CIJ denuncia impunidade
A criação
da comissão chega poucos dias depois de conhecida a dura cobrança da Comissão
Internacional de Juristas: num informe contundente, a CIJ acusa a Presidência,
sua bancada majoritária (frenteamplista) do Congresso e também a Corte Suprema de
Justiça de “consolidar um estado de impunidade para as atrocidades cometidas no
passado recente”, conforme matéria do semanário uruguaio de esquerda Brecha
(edição de 23 de janeiro último).
O certo é
que os governos da Frente Ampla e o Poder Judiciário ainda não conseguiram
vencer o chamado “pacto de silêncio” entre os militares e estão capengando
neste quesito da luta democrática e pelos direitos humanos.

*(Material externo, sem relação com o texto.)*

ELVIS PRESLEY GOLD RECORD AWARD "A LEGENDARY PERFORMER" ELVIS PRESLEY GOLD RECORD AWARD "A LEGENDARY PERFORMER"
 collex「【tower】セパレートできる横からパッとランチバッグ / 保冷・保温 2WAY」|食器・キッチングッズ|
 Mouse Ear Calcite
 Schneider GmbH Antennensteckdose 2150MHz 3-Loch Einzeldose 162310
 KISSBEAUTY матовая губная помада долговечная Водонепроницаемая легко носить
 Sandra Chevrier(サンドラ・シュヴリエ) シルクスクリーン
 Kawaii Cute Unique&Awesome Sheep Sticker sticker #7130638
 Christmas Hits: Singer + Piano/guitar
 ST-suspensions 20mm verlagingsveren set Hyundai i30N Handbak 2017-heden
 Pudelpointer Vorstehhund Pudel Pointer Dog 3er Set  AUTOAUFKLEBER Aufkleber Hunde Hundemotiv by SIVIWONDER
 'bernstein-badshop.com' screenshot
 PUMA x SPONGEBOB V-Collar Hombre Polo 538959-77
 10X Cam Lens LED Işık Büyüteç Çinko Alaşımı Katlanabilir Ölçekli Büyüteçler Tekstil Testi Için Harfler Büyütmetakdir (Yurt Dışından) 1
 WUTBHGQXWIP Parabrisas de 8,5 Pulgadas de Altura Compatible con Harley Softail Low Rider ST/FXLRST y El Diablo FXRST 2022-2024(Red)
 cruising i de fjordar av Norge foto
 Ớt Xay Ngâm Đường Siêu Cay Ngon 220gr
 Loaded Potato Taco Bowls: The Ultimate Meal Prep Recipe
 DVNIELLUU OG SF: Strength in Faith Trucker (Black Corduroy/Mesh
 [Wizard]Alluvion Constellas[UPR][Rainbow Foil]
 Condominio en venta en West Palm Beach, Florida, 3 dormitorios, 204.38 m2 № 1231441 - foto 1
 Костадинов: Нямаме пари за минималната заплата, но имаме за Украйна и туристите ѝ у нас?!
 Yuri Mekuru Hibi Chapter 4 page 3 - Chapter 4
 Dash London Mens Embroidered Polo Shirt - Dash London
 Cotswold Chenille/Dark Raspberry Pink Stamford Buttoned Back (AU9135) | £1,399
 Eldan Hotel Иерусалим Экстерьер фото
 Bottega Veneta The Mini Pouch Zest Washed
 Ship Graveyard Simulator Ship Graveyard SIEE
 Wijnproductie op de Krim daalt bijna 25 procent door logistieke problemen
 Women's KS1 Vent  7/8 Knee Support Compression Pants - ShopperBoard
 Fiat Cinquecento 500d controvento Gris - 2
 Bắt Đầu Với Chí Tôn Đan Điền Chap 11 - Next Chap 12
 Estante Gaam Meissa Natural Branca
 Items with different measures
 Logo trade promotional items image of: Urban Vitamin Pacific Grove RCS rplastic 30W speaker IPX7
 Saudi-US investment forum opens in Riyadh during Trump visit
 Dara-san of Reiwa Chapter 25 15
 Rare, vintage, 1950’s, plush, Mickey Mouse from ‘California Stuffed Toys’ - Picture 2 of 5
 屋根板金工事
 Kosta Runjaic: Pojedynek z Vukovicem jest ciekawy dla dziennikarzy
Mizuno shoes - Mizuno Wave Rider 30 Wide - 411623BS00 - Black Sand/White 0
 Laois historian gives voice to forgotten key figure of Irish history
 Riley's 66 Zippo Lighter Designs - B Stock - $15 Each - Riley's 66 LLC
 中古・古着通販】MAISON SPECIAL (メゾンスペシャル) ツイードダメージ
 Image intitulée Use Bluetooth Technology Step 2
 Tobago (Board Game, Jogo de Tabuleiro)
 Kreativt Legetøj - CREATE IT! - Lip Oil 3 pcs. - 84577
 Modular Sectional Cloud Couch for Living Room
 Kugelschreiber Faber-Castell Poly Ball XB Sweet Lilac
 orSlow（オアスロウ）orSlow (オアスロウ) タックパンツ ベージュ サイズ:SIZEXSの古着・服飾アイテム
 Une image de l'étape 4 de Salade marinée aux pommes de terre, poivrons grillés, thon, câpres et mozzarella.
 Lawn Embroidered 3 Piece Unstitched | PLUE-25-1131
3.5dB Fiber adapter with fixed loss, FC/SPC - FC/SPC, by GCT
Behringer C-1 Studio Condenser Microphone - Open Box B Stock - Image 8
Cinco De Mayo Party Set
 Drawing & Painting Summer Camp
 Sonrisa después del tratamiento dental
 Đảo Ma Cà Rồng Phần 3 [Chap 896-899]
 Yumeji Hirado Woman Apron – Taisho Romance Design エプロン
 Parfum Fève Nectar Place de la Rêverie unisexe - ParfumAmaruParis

É bastante lembrar
que apenas duas dezenas de criminosos, a maioria militares, receberam
condenações até hoje – o informe da CIJ fala dum “punhado” de condenados.
Isto apesar
de ter sido derrubada a parte essencial da legislação que protegia os
repressores/torturadores (Lei de Caducidade, de 1985), através da decisão do
Parlamento, com os votos majoritários da Frente Ampla, declarando que os crimes
de lesa humanidade são imprescritíveis. Decisão que foi chancelada pela Corte
Suprema. Enquanto isso, alguns poucos corpos de vítimas foram localizados e
perto de 200 processos seguem os trâmites judiciais com mil e um tropeços.
(Situação
que, por ruim que seja, é bem melhor do que a do Brasil, onde a vigência da Lei
de Anistia – de auto-anistia – foi confirmada na última decisão a respeito pelo
Supremo Tribunal Federal e, até hoje, não há um único torturador condenado, mesmo
tendo acabado de passar por uma Comissão Nacional da Verdade – só Verdade, Justiça
não).
De
qualquer forma, há de se levar em conta também que em duas consultas
plebiscitárias – em 1989 e em 2009, quando da eleição de Mujica –, a maioria
dos eleitores uruguaios tinha se pronunciado pela manutenção da Lei de
Caducidade. Ou seja, a maioria prefere não futucar as chagas da ditadura.
Muitas das informações estão
baseadas em matérias dos jornais El País,
Brecha (uruguaios) e Página/12 (argentino).